The Router decomposes this query, fans out to four subgraphs in parallel where dependencies allow, and returns a single composed response. What was 6+ sequential HTTP calls becomes one round-trip from the client's perspective.

@requires and @provides for Computed Fields

Sometimes a field in service B requires a field from service A that the Router would not normally fetch. @requires solves this:

// In the review service subgraph
extend type Product @key(fields: "id") {
    id: ID! @external
    category: String @external        # Owned by product-service

    # This field requires category from product-service to compute
    similarProductReviews: [Review!]! @requires(fields: "category")
}

// The Router will fetch Product.category from product-service
// before calling review-service to resolve similarProductReviews

@provides is the inverse: it tells the Router that a resolver will also provide additional entity fields, avoiding an extra round-trip to the owning service:

type Order @key(fields: "id") {
    lineItems: [LineItem!]!
}

type LineItem {
    # Order service provides product name alongside line items
    # Router doesn't need to call product-service for just the name
    product: Product @provides(fields: "name")
}

extend type Product @key(fields: "id") {
    id: ID! @external
    name: String @external
}

Netflix DGS Framework: Spring Boot Implementation

Netflix DGS (Domain Graph Service) is the premier Spring Boot GraphQL framework, with native Apollo Federation support:

// pom.xml
<dependency>
    <groupId>com.netflix.graphql.dgs</groupId>
    <artifactId>graphql-dgs-spring-boot-starter</artifactId>
    <version>8.4.0</version>
</dependency>
<dependency>
    <groupId>com.netflix.graphql.dgs</groupId>
    <artifactId>graphql-dgs-federation-graphql-java-support</artifactId>
    <version>8.4.0</version>
</dependency>

// Order service DGS data fetcher with Federation entity resolver
@DgsComponent
public class OrderDataFetcher {

    private final OrderRepository orderRepository;
    private final OrderDataLoader orderDataLoader;

    @DgsQuery
    public Order order(@InputArgument String id) {
        return orderRepository.findById(UUID.fromString(id))
            .orElseThrow(() -> new DgsEntityNotFoundException("Order not found: " + id));
    }

    // Entity resolver: called by Router to resolve User.orders
    // The @key field (user.id) is provided by the Router
    @DgsEntityFetcher(name = "User")
    public User resolveUser(Map<String, Object> values) {
        // We only need to return a stub User with id for further resolution
        return new User((String) values.get("id"));
    }

    @DgsData(parentType = "User", field = "orders")
    public CompletableFuture<List<Order>> userOrders(DgsDataFetchingEnvironment dfe) {
        User user = dfe.getSource();
        // Use DataLoader to batch multiple user.orders requests
        DataLoader<String, List<Order>> loader = dfe.getDataLoader("ordersForUser");
        return loader.load(user.getId());
    }
}

N+1 Problem in Federated GraphQL: DataLoader Pattern

Federation introduces a new N+1 vector: when the Router calls product-service to resolve 50 line items, it can generate 50 individual product queries.
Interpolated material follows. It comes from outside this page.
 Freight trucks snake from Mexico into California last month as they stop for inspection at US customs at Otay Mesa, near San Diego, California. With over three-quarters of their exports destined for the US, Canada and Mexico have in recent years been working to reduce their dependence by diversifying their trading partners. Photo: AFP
DataLoader batches these into a single request:

@DgsDataLoader(name = "products")
public class ProductBatchLoader implements MappedBatchLoader<String, Product> {

    private final ProductRepository productRepository;

    @Override
    public CompletionStage<Map<String, Product>> load(Set<String> productIds) {
        return CompletableFuture.supplyAsync(() -> {
            // Single query for all product IDs
            List<Product> products = productRepository.findAllById(
                productIds.stream().map(UUID::fromString).toList()
            );
            return products.stream()
                .collect(Collectors.toMap(p -> p.getId().toString(), p -> p));
        });
    }
}

@DgsData(parentType = "LineItem", field = "product")
public CompletableFuture<Product> lineItemProduct(DgsDataFetchingEnvironment dfe) {
    LineItem lineItem = dfe.getSource();
    DataLoader<String, Product> loader = dfe.getDataLoader("products");
    return loader.load(lineItem.getProductId()); // batched automatically
}

Apollo Router vs Apollo Gateway: Performance Comparison

Apollo Router (Rust-based, v1.0+ stable) vs Apollo Gateway (Node.js) is a critical production choice:

Apollo Router: written in Rust, 5–10x lower memory footprint, sub-millisecond query planning overhead, supports Rhai scripts for custom logic, recommended for all new deployments
Apollo Gateway: Node.js, higher memory usage (~200MB vs ~20MB for Router), slower cold start, but supports JavaScript plugins for teams with existing Node.js expertise

At 10,000 queries/second, Apollo Router consumes ~120MB RAM and adds ~0.5ms planning overhead. Apollo Gateway at the same load consumes ~800MB and adds ~3–5ms. For latency-sensitive APIs, the Router is the clear choice.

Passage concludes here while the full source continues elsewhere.